*** Opening of Dataset content ***

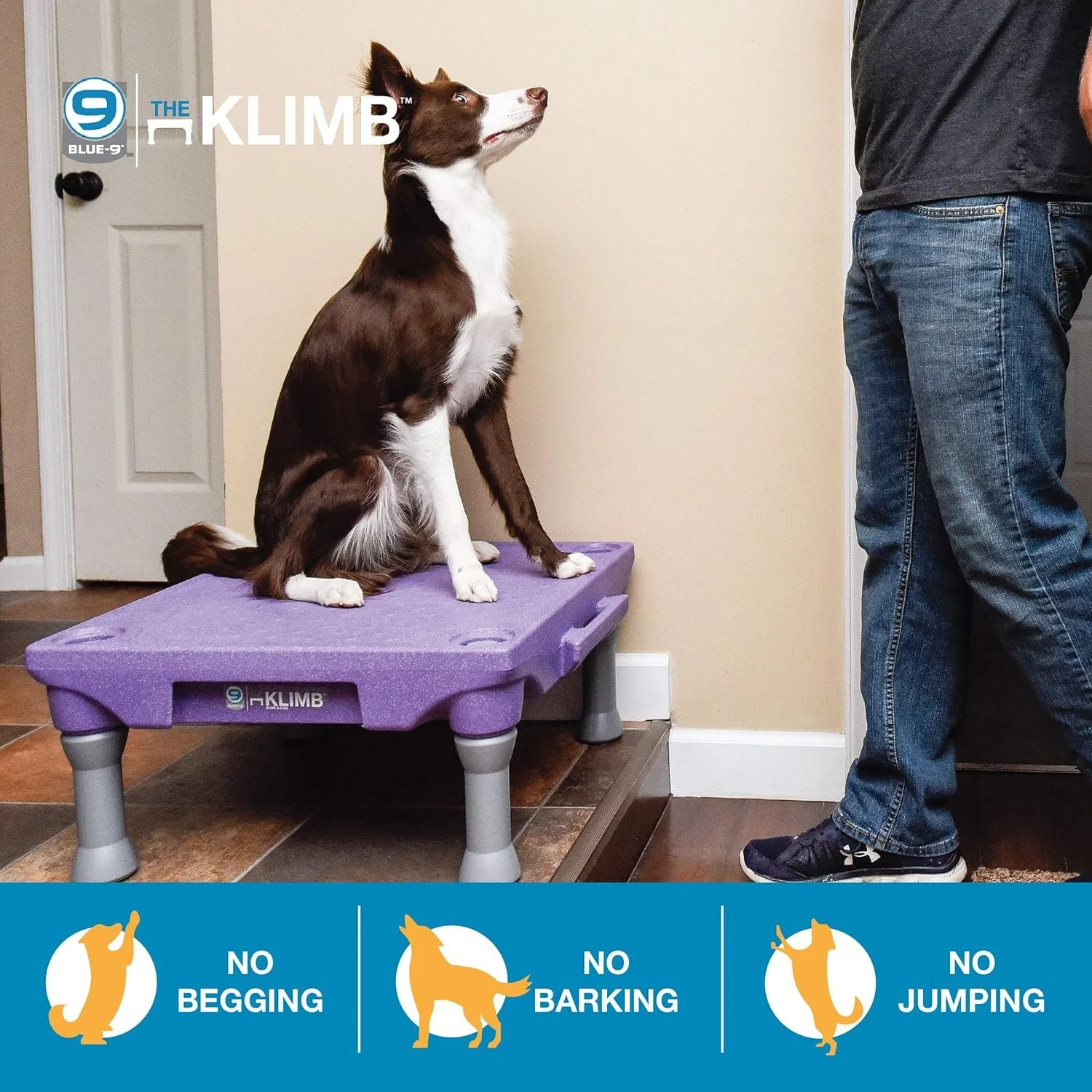 Blue-9 Pet Products KLIMB Dog Training Platform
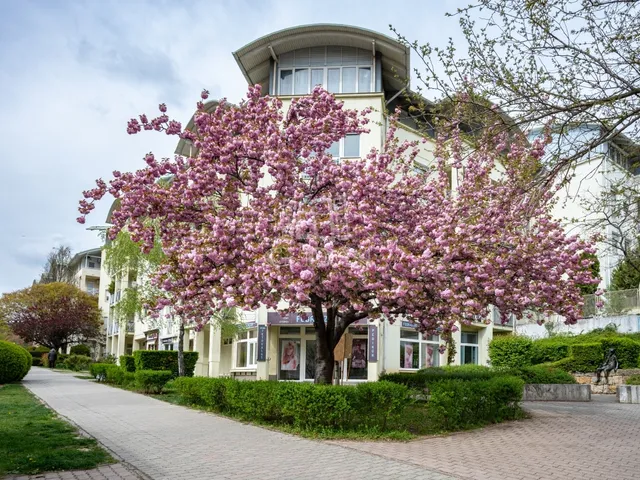 Eladó lakás Budapest XI. kerület, Sasad-Sashegy XI. ker. 67 nm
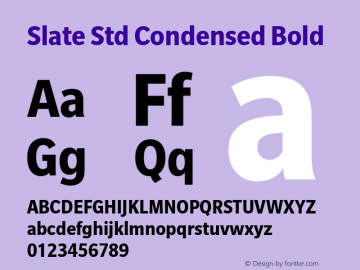 Slate Std Condensed Bold Version 2.000图片样张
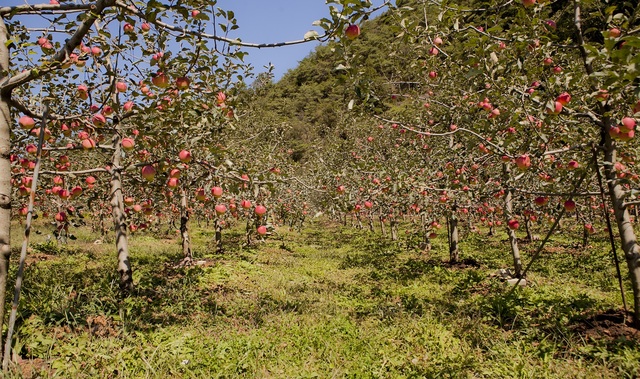 [세종=뉴시스] 경북 문경 사과 농가. *재판매 및 DB 금지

*** Close of Dataset content ***

Your task: Copy each line of the material above exactly, but not the images.

Result:
 Blue-9 Pet Products KLIMB Dog Training Platform
 Eladó lakás Budapest XI. kerület, Sasad-Sashegy XI. ker. 67 nm
 Slate Std Condensed Bold Version 2.000图片样张
 [세종=뉴시스] 경북 문경 사과 농가. *재판매 및 DB 금지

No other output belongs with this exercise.